■ Problem to solve:
Return only the lines running from the first line of the listing through the one with "Well-maintained community tennis", unchanged.

■ Supplied information:
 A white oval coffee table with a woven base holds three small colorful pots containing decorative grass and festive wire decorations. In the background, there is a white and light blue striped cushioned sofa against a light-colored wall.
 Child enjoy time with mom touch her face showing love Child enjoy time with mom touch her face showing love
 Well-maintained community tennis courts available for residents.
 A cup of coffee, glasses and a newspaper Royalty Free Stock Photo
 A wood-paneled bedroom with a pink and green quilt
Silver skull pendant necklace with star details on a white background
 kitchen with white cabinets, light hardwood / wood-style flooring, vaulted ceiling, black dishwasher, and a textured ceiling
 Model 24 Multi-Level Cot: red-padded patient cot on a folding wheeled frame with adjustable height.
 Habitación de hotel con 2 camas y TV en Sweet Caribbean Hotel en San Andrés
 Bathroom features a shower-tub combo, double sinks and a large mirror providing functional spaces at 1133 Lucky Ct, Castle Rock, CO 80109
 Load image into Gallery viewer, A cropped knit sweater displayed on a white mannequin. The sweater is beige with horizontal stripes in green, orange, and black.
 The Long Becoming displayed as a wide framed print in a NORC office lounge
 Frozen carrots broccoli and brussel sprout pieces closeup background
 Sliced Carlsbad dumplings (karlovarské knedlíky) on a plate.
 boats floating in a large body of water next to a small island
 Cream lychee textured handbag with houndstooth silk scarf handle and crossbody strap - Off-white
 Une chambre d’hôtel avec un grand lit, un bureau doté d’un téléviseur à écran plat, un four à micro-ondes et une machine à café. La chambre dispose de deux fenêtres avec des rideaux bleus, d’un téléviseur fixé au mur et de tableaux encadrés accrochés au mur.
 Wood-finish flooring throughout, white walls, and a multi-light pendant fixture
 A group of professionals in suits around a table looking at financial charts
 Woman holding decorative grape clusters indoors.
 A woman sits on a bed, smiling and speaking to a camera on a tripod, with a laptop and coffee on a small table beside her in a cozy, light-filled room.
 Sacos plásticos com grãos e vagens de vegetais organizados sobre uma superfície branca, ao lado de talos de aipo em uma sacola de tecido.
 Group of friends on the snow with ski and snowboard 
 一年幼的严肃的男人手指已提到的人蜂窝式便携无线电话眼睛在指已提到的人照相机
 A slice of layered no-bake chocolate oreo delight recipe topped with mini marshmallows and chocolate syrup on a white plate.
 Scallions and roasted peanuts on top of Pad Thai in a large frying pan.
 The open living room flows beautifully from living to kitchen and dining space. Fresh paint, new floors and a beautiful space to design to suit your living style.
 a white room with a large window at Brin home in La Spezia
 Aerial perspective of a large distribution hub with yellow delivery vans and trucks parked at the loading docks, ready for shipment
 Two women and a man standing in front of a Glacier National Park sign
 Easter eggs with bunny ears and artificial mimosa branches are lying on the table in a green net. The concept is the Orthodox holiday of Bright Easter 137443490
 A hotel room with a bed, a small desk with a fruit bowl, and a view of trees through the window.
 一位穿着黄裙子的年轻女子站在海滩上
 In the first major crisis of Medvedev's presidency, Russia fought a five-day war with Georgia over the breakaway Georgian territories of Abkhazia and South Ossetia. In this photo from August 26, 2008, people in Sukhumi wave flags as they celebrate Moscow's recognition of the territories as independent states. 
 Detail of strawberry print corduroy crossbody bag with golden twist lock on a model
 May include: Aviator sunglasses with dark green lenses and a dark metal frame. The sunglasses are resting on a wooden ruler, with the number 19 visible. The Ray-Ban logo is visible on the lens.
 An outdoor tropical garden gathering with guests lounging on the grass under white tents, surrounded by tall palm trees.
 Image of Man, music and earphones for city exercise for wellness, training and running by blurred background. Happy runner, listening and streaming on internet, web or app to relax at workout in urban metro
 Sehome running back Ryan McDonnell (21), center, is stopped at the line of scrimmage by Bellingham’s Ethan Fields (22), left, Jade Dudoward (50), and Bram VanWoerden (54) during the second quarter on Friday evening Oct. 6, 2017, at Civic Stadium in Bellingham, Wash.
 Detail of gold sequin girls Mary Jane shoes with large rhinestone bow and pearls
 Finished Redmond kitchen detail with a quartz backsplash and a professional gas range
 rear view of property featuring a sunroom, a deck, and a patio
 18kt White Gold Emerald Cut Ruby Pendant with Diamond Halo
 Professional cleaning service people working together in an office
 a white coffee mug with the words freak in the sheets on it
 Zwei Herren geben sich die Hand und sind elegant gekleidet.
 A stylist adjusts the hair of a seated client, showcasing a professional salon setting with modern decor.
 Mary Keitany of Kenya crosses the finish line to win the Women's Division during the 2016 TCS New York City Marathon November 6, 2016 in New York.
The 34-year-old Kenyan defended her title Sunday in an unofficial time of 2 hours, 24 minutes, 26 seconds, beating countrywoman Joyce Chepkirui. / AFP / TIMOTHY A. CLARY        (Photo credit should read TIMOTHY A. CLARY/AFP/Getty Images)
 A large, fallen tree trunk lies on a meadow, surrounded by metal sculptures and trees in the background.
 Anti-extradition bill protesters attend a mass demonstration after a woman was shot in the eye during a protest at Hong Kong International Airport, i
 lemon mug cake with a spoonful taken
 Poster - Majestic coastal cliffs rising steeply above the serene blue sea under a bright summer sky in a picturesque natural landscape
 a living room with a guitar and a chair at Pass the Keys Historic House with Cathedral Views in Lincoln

■ Written solution:
 A white oval coffee table with a woven base holds three small colorful pots containing decorative grass and festive wire decorations. In the background, there is a white and light blue striped cushioned sofa against a light-colored wall.
 Child enjoy time with mom touch her face showing love Child enjoy time with mom touch her face showing love
 Well-maintained community tennis courts available for residents.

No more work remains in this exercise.